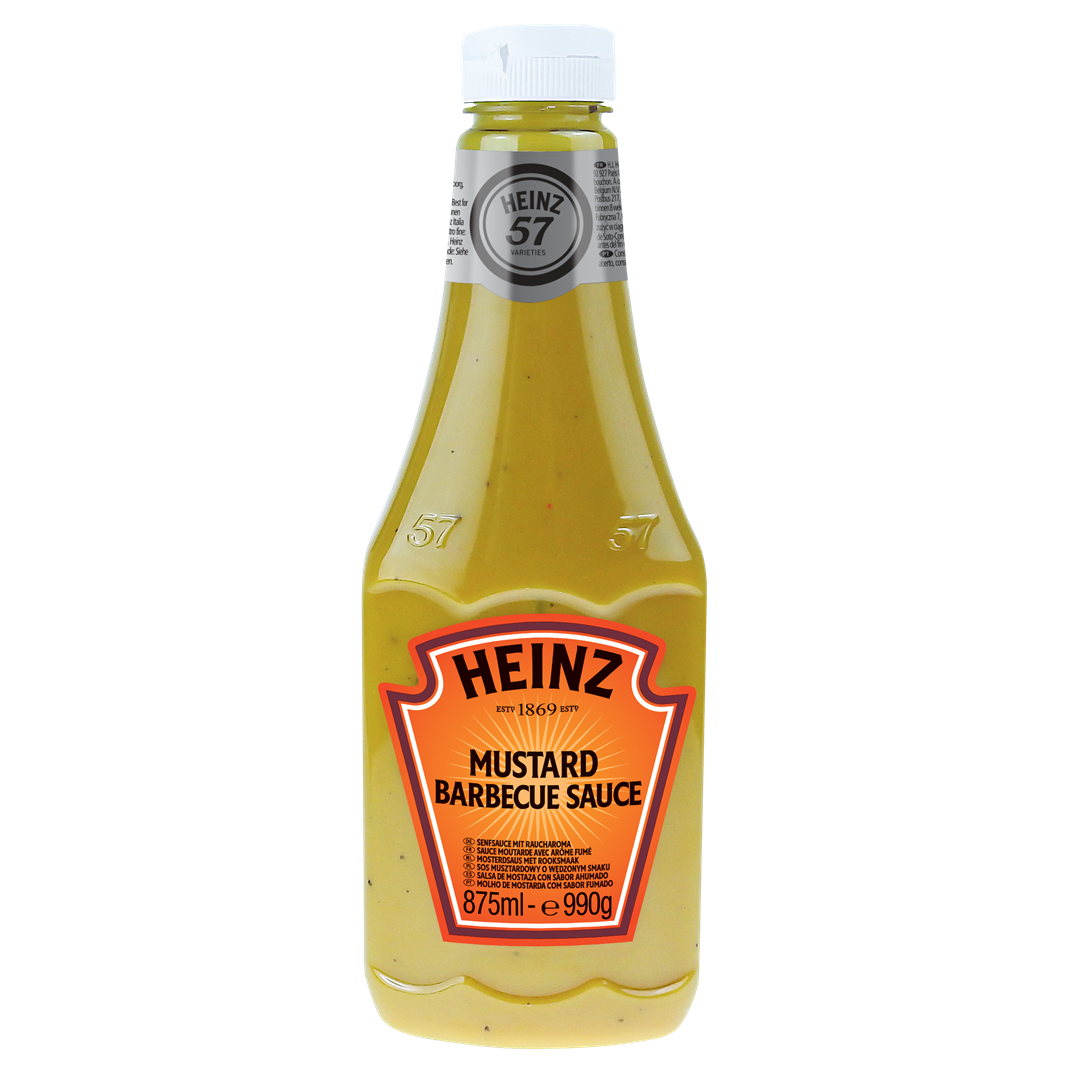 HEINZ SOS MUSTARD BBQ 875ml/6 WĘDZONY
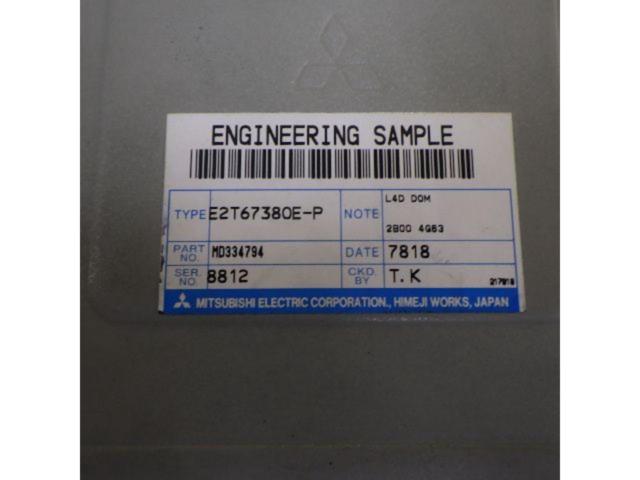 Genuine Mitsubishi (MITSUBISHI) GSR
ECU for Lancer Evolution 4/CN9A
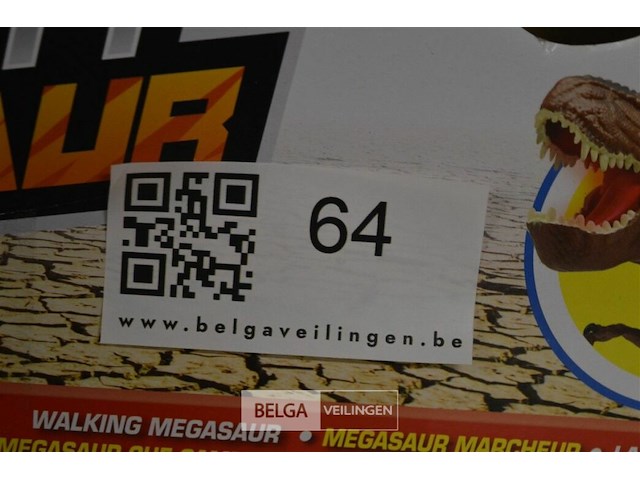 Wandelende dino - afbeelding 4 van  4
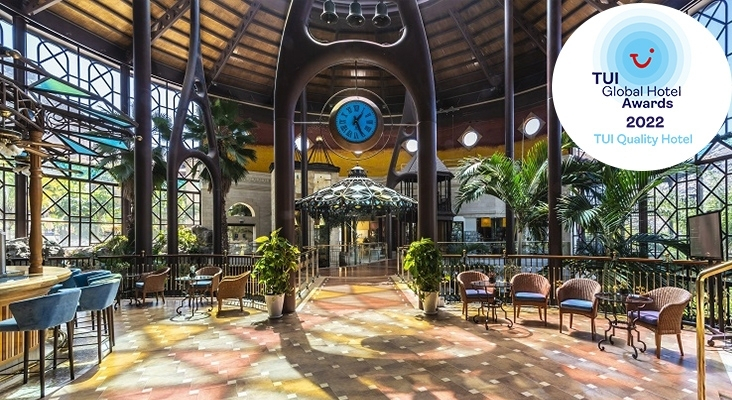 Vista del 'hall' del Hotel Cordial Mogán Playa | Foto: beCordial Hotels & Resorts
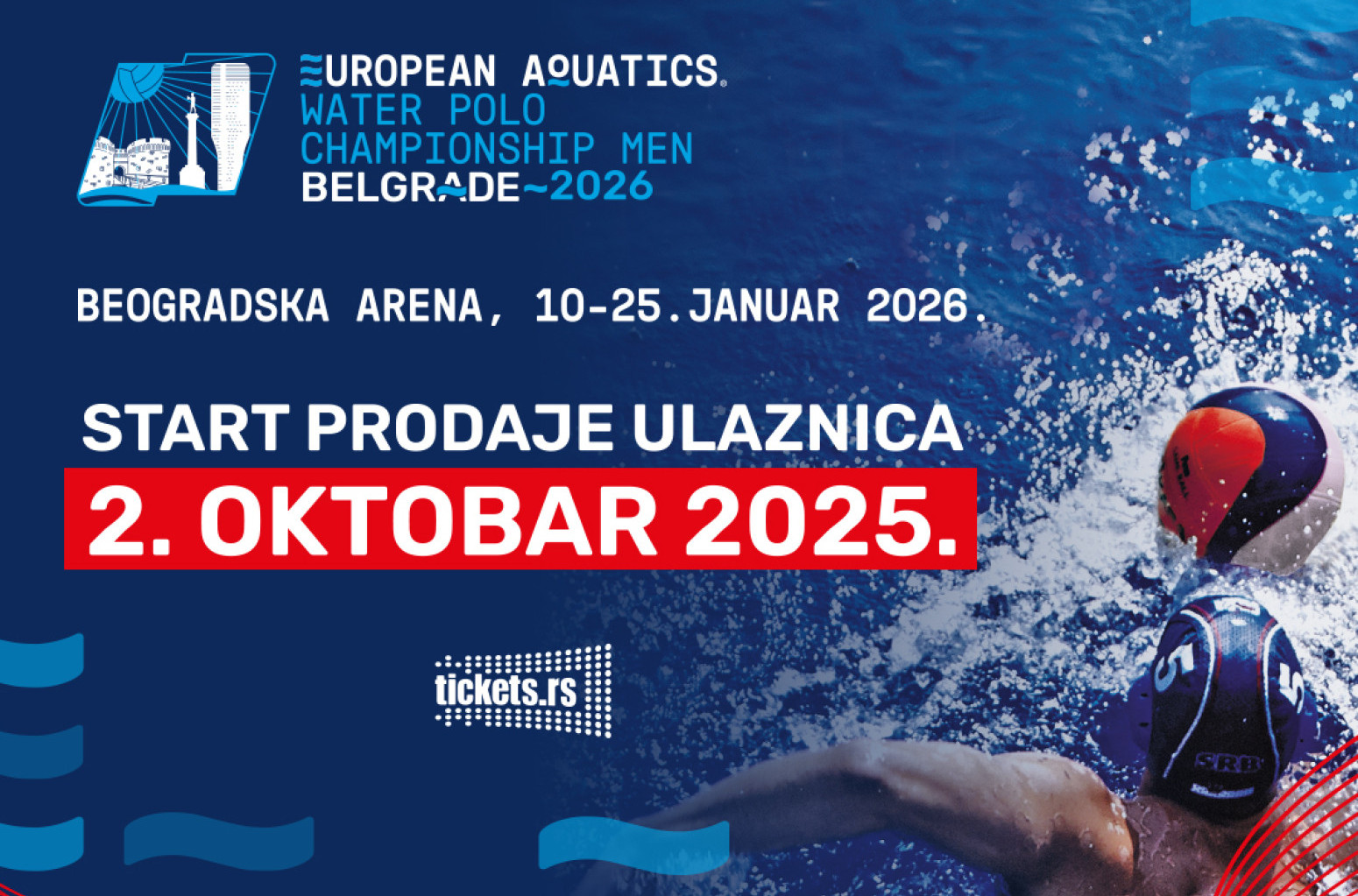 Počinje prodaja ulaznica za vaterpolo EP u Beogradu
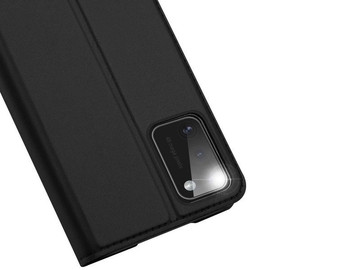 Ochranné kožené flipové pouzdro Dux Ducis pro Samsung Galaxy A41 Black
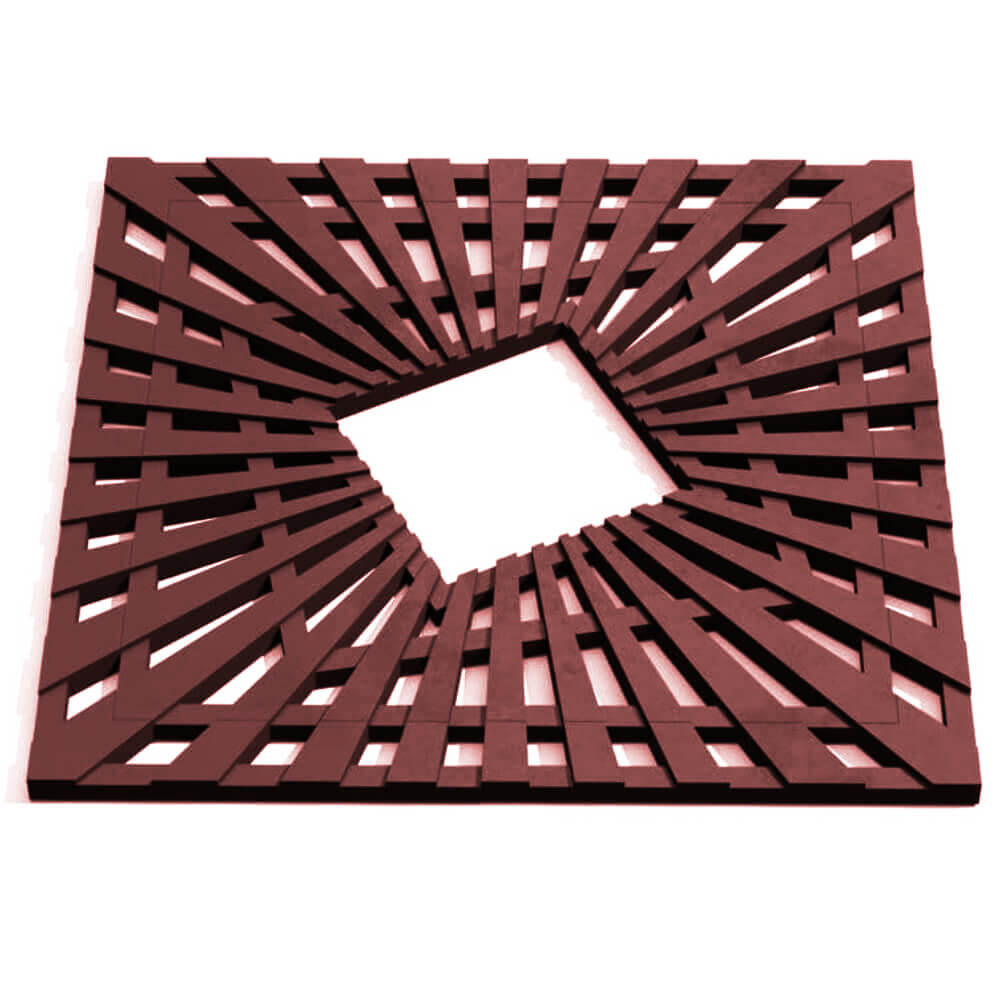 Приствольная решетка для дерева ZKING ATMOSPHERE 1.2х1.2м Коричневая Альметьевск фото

HOW TO COMPLETE THIS TASK => Please copy the records above word for word, omitting every picture.

ANSWER AREA =>
 HEINZ SOS MUSTARD BBQ 875ml/6 WĘDZONY
 Genuine Mitsubishi (MITSUBISHI) GSR
ECU for Lancer Evolution 4/CN9A
 Wandelende dino - afbeelding 4 van  4
 Vista del 'hall' del Hotel Cordial Mogán Playa | Foto: beCordial Hotels & Resorts
 Počinje prodaja ulaznica za vaterpolo EP u Beogradu
 Ochranné kožené flipové pouzdro Dux Ducis pro Samsung Galaxy A41 Black
 Приствольная решетка для дерева ZKING ATMOSPHERE 1.2х1.2м Коричневая Альметьевск фото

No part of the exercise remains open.